Automatic Keyword Extraction from Document Collections


License
Other
Install
pip install Distiller==0.1.1.1

Documentation

Distiller

Distiller provides convenient auto-extraction of document key words based on term-frequency/inverse-document-frequency (TF-IDF) and word positioning.

Distiller handles all of the pre-processing details and produces final statistic reports in JSON format.

Requirements

Distiller uses the Natural Language Toolkit

You will need to download a couple of NLTK packages:

>>> import nltk
>>> nltk.download()
Downloader> d
Download which package (l=list; x=cancel)?
    Identifier> maxent_treebank_pos_tagger
Downloader> d
Download which package (l=list; x=cancel)?
    Identifier> stopwords

Installation

Installation using pip:

$ pip install Distiller

Usage

Typical usage from within the Python interpreter:

>>> from Distiller.distiller import Distiller
>>> distiller = Distiller(data, target, options)

Arguments

data

Path to file containing the document collection in JSON format.

{
    'metadata': {
        'base_url': 'The document's source URL (if any)'
        },
    'documents': [
            {
                'id': 'The document's unique identifier (if any)',
                'body': 'The entire body of the document in a single text blob.',
                'description': 'An optional brief description of this doc.'
            }, ...
        ]
}

###target

Path where Distiller will output the following reports:

keywords: A list of words and the frequency with which they were detected as being keywords of documents.
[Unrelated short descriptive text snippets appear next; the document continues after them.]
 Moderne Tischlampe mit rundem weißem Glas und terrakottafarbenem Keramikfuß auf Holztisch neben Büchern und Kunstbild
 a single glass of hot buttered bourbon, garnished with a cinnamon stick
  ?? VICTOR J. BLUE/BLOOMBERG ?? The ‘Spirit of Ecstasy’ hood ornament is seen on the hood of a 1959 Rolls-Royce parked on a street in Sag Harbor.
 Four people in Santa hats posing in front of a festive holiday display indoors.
bigrams: A list of word pairs and the frequency with which they were detected as being key pairs in documents.

trigrams: A list of word triples and the frequency with which they were detected as being key pairs in documents.

docmap: A mapping of document IDs to their respective keywords, n-grams, and other statistics.
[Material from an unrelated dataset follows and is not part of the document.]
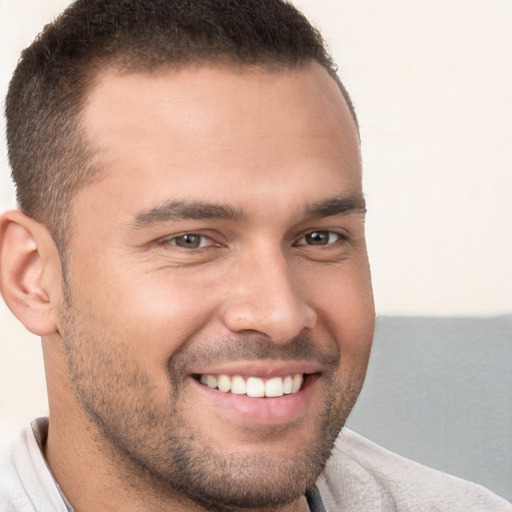 Joyful white young-adult male with short  brown hair and brown eyes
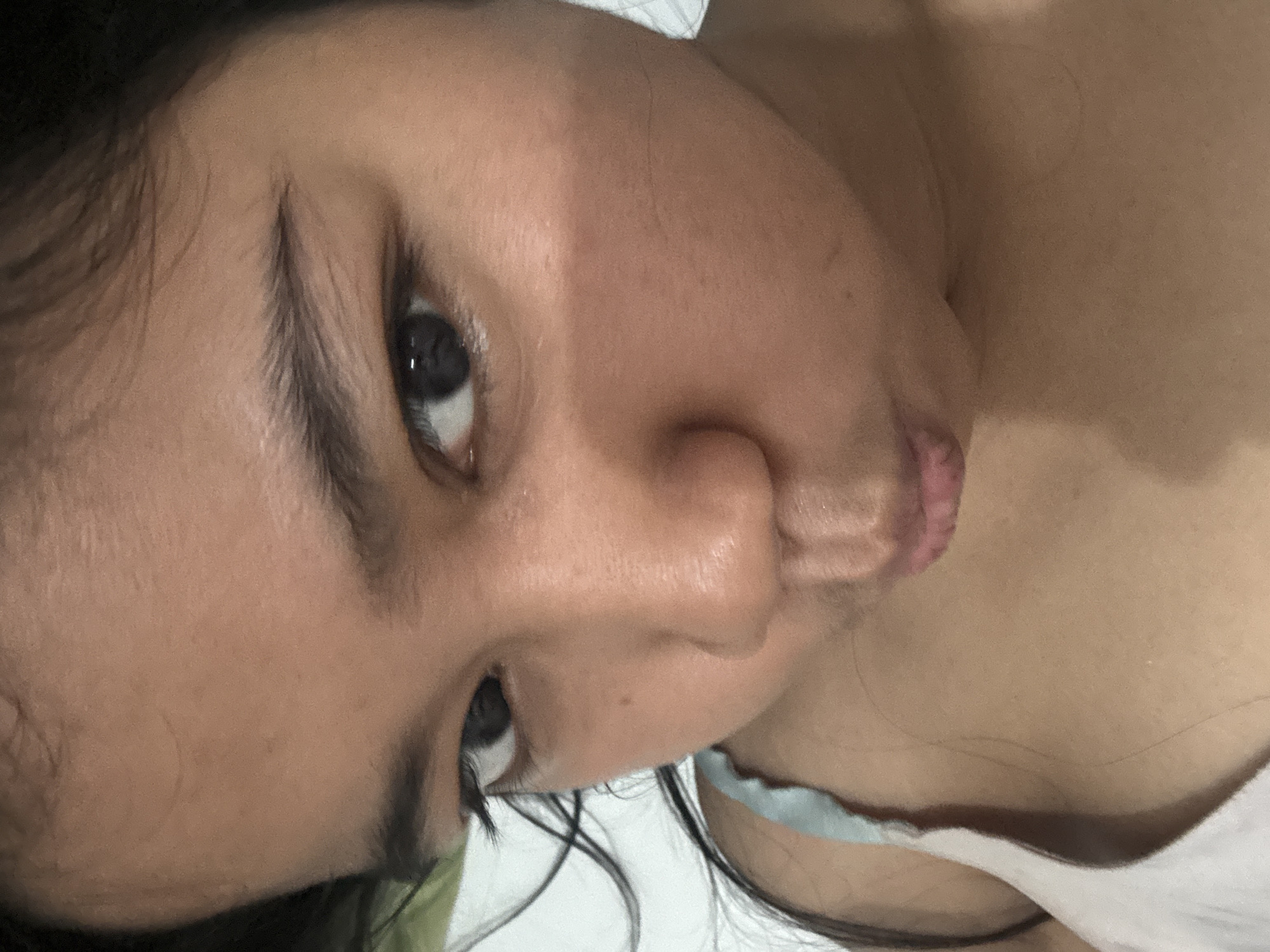 The image is a close-up, self-taken portrait of a young person's face, with the camera positioned slightly above and to the side. The subject has dark hair and dark eyes, and is making a puckered expression with their lips. Their skin tone is medium brown. They are wearing a light-colored tank top with thin straps. The background is out of focus and appears to be a plain, light-colored wall or surface, with a hint of green to the left. There are no visible elements that would indicate a specific location in North Jakarta, Indonesia. The lighting appears to be indoor, with a slight shadow across the bridge of the nose and cheek.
keymap: A mapping of keywords to the documents they appear in.

###options

An optional dictionary containing document processing arguments in this format:

{
    'normalize': True,          # normalize tokens during pre processing
    'stem': True,               # stems tokens during pre processing
    'lemmatize': False,         # lemmatize during pre processing
    'tfidf_cutoff': 0.001,      # cutoff value to use for term-freq/doc-freq score
    'pos_list': ['NN','NNP'],   # POS white list used to filter for candidates
    'black_list': []            # token list used to filter out from candidates
}